Impulse Theatre's The Path
Where: English Inn, 429 Lampson St., Esquimalt
When: Wednesdays and Thursdays at 6 p.m., today through July 26
Tickets: $15 ($12 student/ senior/youth) at the door
Real estate agents aren't the only ones who recognize the importance of location.
Impulse Theatre, a young local company that blends dance with theatre, regularly takes inspiration from its surroundings through site-specific performance.
"It's taking outdoor, unusual venues and turning them into a place where an audience can enjoy or be challenged by theatre or even dance," said artistic director Andrew Barrett.
The 22-year-old, who just graduated from the University of Victoria's theatre program, founded the company in 2010. As its title suggests, it was an impulsive move - he and two friends decided to perform on a rock in James Bay and have continued creating works since.
Barrett has staged sitespecific shows in Banfield Park, on the Selkirk Waterfront, at Point Ellice House and at the fountain outside UVic's library. The company has also performed in more conventional theatres, through Intrepid Theatre's You Show, the Fringe Festival and Light on Our Feet.
Tonight, they'll take theatre into yet another new venue: the gardens of Esquimalt's English Inn. They created The Path onsite, while exploring the natural environment and sharing whatever pieces of myth it inspired, which Barrett edited into a story.
"The story of The Path follows a being called Lamia, who was created out of humanity's need to break the shackles of the gods who control life and death," said Barrett. "So The Path is her last-ditch plan to fulfill her objective, what she was born to do."
The cast of 13, composed primarily of UVic theatre students, will perform in Barrett's signature hybrid theatre-dance style.
"I like to call it physical storytelling," he said. "Because it's movement based, but there's always a story there."
Barrett, who grew up on Saltspring Island, named as mentors performance artist Ingrid Hansen of SNAFU Dance Theatre and Connie Cooke, artistic director of the Victoria School of Contemporary Dance.
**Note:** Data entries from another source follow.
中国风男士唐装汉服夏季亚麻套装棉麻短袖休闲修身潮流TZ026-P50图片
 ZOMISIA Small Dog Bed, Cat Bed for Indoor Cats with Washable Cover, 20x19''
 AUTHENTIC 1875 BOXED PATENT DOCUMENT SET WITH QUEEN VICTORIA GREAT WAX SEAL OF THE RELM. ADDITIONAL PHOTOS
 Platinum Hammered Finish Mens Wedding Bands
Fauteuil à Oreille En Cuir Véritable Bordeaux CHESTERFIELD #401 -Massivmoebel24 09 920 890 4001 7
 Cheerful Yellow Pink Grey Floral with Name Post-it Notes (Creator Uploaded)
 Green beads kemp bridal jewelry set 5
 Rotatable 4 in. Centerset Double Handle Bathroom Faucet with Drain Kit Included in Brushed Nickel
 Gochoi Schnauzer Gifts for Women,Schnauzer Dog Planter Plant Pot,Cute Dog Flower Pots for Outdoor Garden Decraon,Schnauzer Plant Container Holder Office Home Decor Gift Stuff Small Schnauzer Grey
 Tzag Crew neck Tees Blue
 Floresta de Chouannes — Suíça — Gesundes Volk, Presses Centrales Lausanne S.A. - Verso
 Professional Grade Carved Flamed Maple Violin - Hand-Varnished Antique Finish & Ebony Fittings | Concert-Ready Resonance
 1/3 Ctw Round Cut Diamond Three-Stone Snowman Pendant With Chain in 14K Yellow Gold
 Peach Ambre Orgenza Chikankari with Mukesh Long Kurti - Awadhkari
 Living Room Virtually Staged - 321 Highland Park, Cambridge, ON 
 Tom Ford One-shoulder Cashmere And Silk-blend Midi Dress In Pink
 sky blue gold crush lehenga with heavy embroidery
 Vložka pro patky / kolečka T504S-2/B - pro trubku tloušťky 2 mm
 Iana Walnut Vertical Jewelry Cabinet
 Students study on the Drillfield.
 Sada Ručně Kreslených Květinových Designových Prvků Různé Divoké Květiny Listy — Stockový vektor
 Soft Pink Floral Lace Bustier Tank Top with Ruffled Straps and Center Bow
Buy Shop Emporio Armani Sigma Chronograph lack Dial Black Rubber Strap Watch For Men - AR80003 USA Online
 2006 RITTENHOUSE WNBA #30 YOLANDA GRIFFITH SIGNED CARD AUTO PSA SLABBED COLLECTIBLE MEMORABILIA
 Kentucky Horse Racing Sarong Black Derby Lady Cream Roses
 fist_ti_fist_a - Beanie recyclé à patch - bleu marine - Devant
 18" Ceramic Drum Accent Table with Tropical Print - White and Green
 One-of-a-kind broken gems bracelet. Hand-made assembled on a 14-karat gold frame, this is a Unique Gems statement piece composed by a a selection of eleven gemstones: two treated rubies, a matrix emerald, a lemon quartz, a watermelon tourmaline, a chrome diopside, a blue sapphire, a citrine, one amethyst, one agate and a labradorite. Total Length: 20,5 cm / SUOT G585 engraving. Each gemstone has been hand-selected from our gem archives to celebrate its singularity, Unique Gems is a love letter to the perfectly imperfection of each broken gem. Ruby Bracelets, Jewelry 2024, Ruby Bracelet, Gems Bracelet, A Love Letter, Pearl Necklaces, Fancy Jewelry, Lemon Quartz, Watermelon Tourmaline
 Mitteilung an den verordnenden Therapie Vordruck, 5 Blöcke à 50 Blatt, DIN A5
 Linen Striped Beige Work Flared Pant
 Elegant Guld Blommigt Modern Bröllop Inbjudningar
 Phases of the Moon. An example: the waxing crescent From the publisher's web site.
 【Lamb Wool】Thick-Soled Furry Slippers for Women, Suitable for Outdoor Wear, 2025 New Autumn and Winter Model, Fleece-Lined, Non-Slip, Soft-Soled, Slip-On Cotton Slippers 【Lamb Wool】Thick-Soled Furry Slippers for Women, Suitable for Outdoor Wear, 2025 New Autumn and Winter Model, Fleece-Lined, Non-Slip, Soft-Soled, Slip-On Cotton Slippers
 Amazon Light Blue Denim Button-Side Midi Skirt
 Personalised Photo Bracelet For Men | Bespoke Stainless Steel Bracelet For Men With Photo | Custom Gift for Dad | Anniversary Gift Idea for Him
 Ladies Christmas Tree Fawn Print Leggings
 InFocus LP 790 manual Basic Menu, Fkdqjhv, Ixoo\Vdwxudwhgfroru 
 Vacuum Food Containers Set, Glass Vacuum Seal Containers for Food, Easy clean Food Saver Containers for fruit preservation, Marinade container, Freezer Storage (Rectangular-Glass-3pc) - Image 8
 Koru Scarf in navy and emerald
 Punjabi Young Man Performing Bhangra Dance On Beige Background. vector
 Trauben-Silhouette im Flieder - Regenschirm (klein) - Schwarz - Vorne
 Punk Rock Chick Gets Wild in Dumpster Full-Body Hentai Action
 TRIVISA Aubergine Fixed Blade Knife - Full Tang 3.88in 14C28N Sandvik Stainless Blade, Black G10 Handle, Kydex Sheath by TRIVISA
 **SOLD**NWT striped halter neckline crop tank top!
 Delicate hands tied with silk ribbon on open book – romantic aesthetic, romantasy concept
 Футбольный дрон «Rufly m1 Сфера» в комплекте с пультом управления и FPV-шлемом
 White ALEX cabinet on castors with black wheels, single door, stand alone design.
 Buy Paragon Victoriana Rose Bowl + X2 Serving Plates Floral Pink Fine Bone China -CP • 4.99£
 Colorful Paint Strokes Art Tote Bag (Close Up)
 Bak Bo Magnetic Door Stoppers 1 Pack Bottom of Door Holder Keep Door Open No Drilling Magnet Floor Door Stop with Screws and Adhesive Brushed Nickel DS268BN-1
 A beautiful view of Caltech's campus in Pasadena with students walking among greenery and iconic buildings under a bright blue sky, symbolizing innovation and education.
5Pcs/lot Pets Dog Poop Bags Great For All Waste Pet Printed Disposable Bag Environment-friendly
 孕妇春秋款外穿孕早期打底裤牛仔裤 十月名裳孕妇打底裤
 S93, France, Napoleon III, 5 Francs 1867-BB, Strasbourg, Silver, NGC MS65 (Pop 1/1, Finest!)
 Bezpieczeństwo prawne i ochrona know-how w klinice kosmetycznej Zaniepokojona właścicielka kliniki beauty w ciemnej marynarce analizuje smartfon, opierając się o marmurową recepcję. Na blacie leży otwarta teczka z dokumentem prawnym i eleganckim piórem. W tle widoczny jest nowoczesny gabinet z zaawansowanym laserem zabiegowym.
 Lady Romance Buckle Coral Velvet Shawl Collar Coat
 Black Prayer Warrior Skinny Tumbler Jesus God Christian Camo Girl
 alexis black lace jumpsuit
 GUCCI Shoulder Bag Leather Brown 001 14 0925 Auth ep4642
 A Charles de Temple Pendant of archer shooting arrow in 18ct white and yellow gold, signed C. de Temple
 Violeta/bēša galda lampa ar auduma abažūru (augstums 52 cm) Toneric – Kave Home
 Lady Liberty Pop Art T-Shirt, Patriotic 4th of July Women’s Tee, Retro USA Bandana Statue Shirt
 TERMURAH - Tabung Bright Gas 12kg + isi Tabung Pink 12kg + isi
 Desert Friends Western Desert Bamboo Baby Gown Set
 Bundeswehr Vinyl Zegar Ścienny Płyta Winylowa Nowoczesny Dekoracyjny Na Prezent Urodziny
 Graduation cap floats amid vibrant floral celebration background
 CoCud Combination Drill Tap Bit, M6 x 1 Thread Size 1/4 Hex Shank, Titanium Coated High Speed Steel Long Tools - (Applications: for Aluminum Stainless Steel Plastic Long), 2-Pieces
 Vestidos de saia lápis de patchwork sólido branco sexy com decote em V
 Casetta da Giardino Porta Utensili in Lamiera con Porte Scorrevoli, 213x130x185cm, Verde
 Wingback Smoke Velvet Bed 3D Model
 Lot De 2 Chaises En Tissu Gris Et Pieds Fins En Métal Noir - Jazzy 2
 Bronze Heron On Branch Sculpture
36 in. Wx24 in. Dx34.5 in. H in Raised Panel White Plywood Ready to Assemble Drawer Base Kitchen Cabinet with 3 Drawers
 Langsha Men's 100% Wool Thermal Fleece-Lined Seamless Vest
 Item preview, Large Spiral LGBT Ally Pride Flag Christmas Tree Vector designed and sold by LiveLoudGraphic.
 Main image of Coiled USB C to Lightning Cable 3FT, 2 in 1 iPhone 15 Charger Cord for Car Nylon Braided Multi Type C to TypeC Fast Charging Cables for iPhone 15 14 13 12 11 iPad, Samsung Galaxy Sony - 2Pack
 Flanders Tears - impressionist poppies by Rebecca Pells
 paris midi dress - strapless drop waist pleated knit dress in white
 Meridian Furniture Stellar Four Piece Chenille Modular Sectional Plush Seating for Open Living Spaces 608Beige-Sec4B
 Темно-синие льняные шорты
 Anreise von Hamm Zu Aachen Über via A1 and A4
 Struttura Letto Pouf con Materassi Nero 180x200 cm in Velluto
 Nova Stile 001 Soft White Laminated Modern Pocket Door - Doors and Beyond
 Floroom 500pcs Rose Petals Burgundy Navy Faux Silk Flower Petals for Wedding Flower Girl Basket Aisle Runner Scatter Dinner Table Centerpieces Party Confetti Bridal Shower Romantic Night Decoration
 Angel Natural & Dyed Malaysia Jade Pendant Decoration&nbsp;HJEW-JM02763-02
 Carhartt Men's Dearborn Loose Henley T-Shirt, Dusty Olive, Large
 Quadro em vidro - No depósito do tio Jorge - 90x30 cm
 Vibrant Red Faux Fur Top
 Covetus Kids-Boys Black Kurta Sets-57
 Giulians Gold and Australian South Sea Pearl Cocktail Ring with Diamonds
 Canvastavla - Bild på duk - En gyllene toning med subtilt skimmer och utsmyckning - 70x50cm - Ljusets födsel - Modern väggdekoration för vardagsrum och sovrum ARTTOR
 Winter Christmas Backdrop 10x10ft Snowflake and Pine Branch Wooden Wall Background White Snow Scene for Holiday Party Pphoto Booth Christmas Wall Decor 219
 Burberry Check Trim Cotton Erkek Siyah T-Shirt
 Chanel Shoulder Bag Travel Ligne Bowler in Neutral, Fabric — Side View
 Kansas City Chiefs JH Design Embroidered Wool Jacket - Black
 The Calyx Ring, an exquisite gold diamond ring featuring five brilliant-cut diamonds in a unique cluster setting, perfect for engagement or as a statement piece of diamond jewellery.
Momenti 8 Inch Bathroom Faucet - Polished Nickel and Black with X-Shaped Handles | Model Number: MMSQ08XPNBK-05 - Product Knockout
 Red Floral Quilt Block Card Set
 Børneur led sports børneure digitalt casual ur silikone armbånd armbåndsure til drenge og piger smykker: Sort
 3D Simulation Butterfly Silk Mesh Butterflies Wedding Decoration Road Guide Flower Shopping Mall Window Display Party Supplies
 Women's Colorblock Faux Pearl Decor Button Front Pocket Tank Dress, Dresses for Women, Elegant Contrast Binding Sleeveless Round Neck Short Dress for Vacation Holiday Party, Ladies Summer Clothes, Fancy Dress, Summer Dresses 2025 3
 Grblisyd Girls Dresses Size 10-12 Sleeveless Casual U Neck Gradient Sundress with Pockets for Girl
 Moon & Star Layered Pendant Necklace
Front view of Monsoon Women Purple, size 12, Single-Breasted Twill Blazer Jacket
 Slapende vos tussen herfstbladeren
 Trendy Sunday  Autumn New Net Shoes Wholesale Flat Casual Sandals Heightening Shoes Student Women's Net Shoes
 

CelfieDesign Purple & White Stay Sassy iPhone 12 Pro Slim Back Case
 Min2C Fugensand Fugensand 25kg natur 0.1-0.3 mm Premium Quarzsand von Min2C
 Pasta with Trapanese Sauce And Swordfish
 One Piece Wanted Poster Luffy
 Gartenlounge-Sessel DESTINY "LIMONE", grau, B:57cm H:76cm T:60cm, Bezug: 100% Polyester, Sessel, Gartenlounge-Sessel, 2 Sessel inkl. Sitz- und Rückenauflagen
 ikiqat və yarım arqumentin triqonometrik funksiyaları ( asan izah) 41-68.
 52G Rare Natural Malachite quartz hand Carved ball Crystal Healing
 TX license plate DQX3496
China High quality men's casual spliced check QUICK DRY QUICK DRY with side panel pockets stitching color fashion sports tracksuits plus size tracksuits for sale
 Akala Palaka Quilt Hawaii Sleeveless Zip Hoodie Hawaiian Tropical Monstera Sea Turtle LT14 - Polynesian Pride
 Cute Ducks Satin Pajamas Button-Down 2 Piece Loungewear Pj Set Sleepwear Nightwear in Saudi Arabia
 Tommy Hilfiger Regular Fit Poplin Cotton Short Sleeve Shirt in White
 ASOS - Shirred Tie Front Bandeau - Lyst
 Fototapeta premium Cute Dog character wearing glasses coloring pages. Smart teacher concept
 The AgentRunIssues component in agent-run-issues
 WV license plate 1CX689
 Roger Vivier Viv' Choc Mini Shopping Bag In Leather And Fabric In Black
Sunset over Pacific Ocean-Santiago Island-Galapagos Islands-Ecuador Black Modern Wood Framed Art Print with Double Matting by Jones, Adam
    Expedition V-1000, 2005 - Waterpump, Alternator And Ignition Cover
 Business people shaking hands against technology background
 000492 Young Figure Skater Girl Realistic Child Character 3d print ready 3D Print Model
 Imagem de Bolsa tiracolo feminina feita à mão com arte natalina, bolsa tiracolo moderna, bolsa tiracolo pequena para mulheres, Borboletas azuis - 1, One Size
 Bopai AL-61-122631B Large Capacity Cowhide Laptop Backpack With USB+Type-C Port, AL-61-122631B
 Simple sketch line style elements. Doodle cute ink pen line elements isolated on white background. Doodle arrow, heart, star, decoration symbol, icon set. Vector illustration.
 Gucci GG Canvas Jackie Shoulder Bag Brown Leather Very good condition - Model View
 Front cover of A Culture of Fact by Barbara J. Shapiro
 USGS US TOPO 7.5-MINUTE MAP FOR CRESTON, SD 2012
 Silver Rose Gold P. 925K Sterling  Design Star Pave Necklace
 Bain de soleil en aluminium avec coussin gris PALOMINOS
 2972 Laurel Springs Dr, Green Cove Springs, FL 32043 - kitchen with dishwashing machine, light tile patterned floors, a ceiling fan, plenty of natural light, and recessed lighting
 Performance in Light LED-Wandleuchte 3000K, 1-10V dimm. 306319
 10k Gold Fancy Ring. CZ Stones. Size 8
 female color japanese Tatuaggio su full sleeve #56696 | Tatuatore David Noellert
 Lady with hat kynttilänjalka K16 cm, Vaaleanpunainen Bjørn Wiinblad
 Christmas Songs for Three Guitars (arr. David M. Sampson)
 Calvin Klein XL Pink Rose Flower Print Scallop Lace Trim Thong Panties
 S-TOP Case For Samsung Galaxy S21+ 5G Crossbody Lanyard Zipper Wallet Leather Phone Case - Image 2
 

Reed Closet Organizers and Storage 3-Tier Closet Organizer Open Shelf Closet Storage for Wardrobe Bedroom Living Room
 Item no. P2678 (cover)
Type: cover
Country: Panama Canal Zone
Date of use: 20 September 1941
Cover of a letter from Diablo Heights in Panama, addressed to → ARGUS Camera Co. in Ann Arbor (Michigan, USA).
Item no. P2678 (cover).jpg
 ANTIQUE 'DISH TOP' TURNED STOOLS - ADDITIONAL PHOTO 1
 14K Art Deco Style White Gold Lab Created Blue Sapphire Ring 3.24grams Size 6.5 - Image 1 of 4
He also said the year he spent at the Gulf Island School of Performing Arts instilled a belief in genre-crossing performance.
"I found that really influenced how I create theatre, because it was a very collective ensemble," he said.
The students, who concentrated in theatre, dance and music, would come together at the end of the year for a collectively created work.
"So we'd all learn how to meld it together and kind of break the [division of], 'This is a dance show; this is a theatre show; this is a music show,' " he said.
While physical storytelling and site-specific performance have been fairly consistent characteristics of Impulse Theatre productions, the future is flexible.
"I didn't start out with a goal or destination for the company and I still don't have one, which I find very liberating," he said.